Why Shoot to RAW?

If photography is more for you than just a way to document celebrations, relatives, and vacations, read on. In short if photography is what you live for and you want to present the best, then this text is definitely for you. Take these words to heart, and you’ll never be stuck with a “great… but unusable” picture again.

So—why should you photograph exclusively to RAW? In short, it’s because you never know when you might take an exceptional photograph. And if that photograph is in JPG format, or worse yet in a low-resolution JPG, what then? We’ll first back up for a wide view, and then look at the matter in detail.

What’s So Special About RAW Anyway?

Looking at RAW from the perspective of the age of film photography, it can best be compared to negatives. JPGs, meanwhile, are most comparable to Polaroid pictures. When working from RAW, just like when working from a negative, there are many ways you can process your photograph. In the old days you could use a negative to produce photos at practically any size you needed, with your choice of brightness or contrast, while there wasn’t much you could do with an already-developed photo. The same is true now of RAW vs. JPG. Although JPGs can be edited, you have to keep in mind that every edit to a JPG causes at least some loss of quality.

JPG Is Lossy

JPG images lose at least a little quality every time they are opened and saved. You might not notice it after the first round of edits, but over time you can have a situation where your picture will have for example seen its eye-pleasing color gradients replaced with color artifacts—with distortion. Meanwhile with a RAW original, you’re free to export a lossless, 16-bit TIF file and edit it freely in multiple sessions before finally saving it to a JPG that you don’t intend to process further. You can erase the TIF after that, and you’ll want to as well, since TIFs are large. But keep your “negative”—your RAW photograph.

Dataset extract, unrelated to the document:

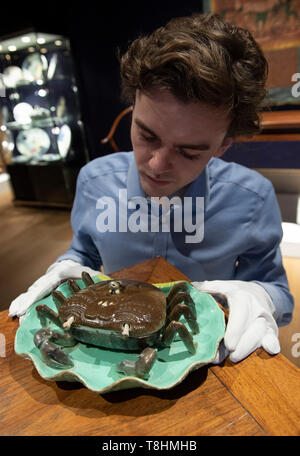 Bonhams, New Bond Street, London, UK. 13th May 2019. A rare Polychrome Crab Tureen and Cover, Quianlong/Jiaqing, carries an estimate of £20,000-30,000 at Bonhams Fine Chinese Art sale, taking place on 16th May 2019. Credit: Malcolm Park/Alamy Live News. Stock Photo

A JPG loses quality after multiple saves.
A JPG loses quality after multiple saves.

Space Problems

It’s true that RAW files are significantly larger than JPG files. But by carefully sorting and selecting your shots in-camera, you can delay space crises significantly. You yourself know best how you take pictures and how large a card you need. Note that ultimately, you will also want backup memory cards.

Send Me All the Photos

You surely know the terrible sentence above. You’re photographing a party, celebration, concert, or vacation. Your non-photographer friend asks you to send all the photos from the shoot. Handing over every photo is, to put it kindly, of debatable value, since even a professional will have a number of bad shots in every shoot. Blurry shots. Unfocused shots. Miscomposed shots. Blurry shots. Unfocused shots. Miscomposed shots. Shots that belong in one place only: your computer’s Recycle Bin… and definitely not on the disk of your friend, who will inevitably pass them on to other people. So it’s quite a convenient (and fitting) excuse when your camera shoots to an atypical format that your friend’s browser may not support, and thus you can’t just send an unprocessed shoot.

So Then…

Imagine that you’ve just finished a shoot where you produced an exceptional photograph. If you don’t have that photo in RAW format, your possibilities for working with it are limited, and you’ll truly regret the situation. Don’t let that happen—shoot exclusively to RAW!